Arthritis can severely affect mobility and comfort — sometimes on a daily basis. Relief comes once you find the right treatment and routine that allow you to live fully. However, when planning to travel, unpredictability and change can turn that carefully perfected routine upside down.
"Making sure you stay mobile is the most important aspect of traveling with arthritis, as staying idle for more than one hour can lead to stiffness and joint pain," says Dr. Peter Hanson, an orthopedic surgeon affiliated with Sharp Grossmont Hospital.
Before you travel by car or plane, he recommends visiting your physical therapist to help create a stretching routine best for you — including isometric stretches that involve flexing and holding muscles for five to six seconds.
These five tips for traveling with arthritis can help make your trip more comfortable.

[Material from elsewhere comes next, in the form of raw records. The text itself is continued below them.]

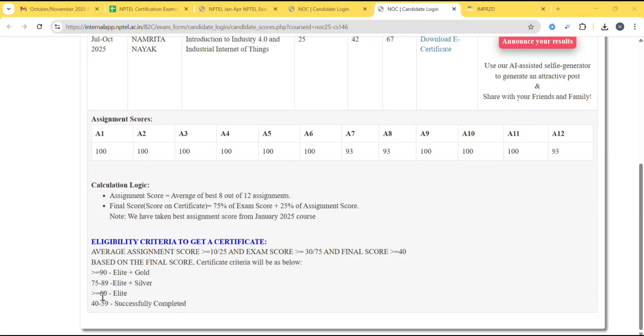So if you get 40 to 59 marks, then successfully completed. Greater than 60, elite. 70 to 89, elite plus silver. Greater than 90, elite plus gold.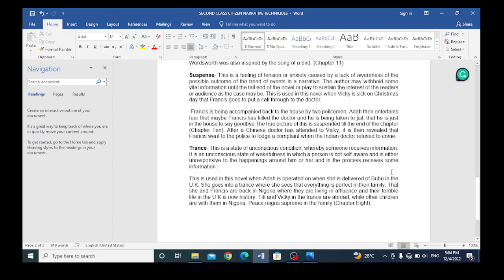The next one is trance. This is a state of unconscious condition whereby someone receives information. It is an unconscious state of helplessness in which a person is not self-aware and is either unresponsive to the environment around him or her and in the process receives some information. This is used in this novel when Ada is operated on where she is delivered of Bubu in the UK. She goes into a trance where she sees that everything is perfect in their family, that she and Francis are back in Nigeria where they are living in affluence and their terrible life in the UK is now history. Titi and Vicki in the trance are abroad while other children are with them in Nigeria. Peace reigns supreme in the family. That is in chapter 8.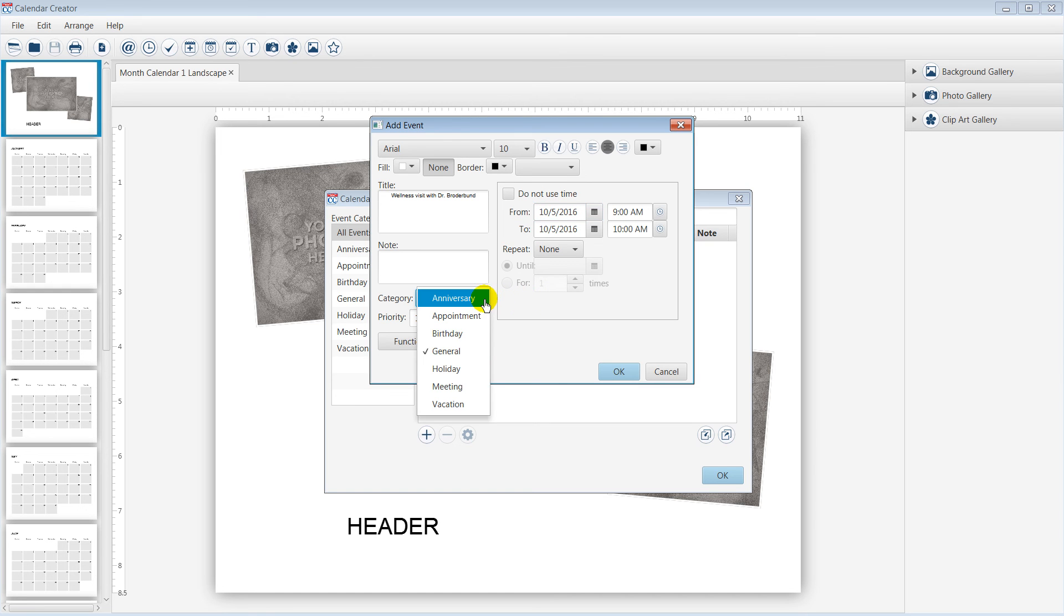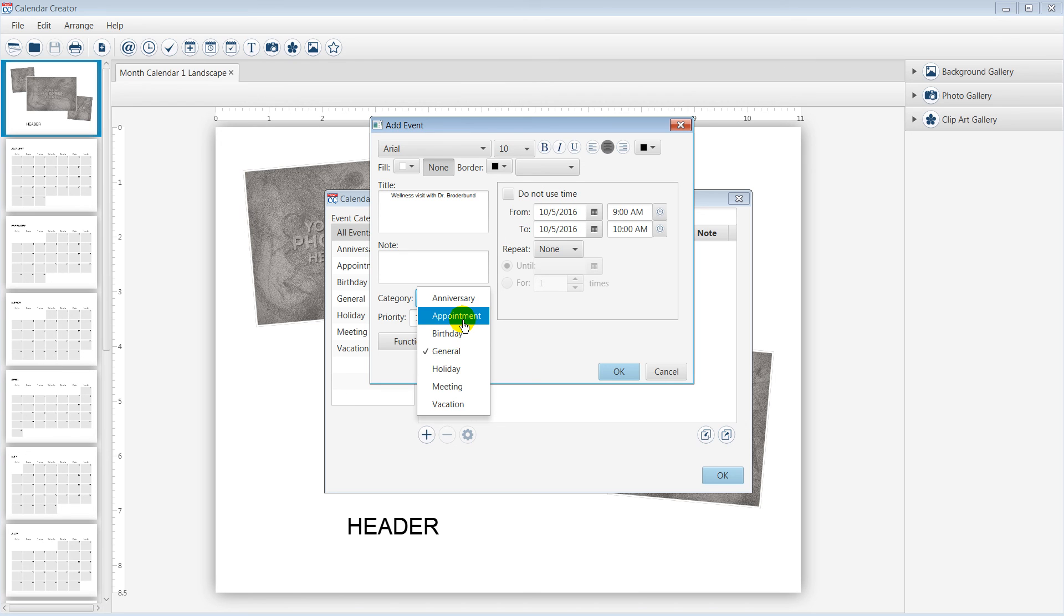Notice you can assign your event to a category. I will assign this event to Appointment. Select OK.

1. Bring a cane or walking stick — even if you think you won't need it."While you may not need it day to day at home, there are elements of traveling that could lead to a need for a cane or walking stick," says Dr. Hanson. Unforeseen factors such as weather or walking more than usual can cause inflammation for those with arthritis. A cane or walking stick can relieve pressure if any discomfort arrives on your vacation.
2. Bring wraps, pads, portable ice packs and topical creams for hot and cold therapy.According to Dr. Hanson, hot and cold therapy can help relieve pain and stiffness. "Make sure to try them before the trip to find the right brand and type of therapy that works for you, before packing any unnecessary products," says Dr. Hanson.
3. Make sure all medications are refilled."Sometimes our state license will not allow for prescriptions to be filled in another state and you can never refill a U.S. prescription in a foreign country," reminds Dr. Hanson. Therefore, it is important to have all medications filled, request an extra written prescription in case of emergency situations, and check ahead for the closest pharmacy to where you are staying.
Another important thing to note when traveling with medication is to keep it with you and not in checked bags. Any medicines that require refrigeration should be stored in a small cooler or zip-close bag with an ice pack.
4. Research your hotel and put in special requests.Requesting a low-level hotel room or one closer to the elevator can help decrease unnecessary walking. Dr. Hanson also recommends choosing a hotel with a hot tub or sauna to relieve arthritis pain at the end of the day — especially when vacationing in a colder climate.
Make sure there is a refrigerator in your hotel room if you need to keep any medication cold, and to store any food needed to take with that medication or for an energy boost during an activity-filled day.
5. Choose your meals carefully.Some foods can lead to feeling swollen or bloated — especially foods that are high in fats and calories, because they promote inflammation — and this can greatly affect someone with arthritis. Dr. Hanson recommends meeting with your doctor or a nutritionist to devise a meal and snack plan that works best with your arthritis.
If you are heading on a road trip, make sure to pack healthy snacks and plenty of drinking water instead of desperately trying to pick out a healthy snack from a gas station mart. Also, be sure to be careful in your consumption of alcohol and caffeine as they can aggravate inflammation.
As always, if you have questions about travel with arthritis, talk with your doctor. Don't let joint pain keep you from living a full and active life.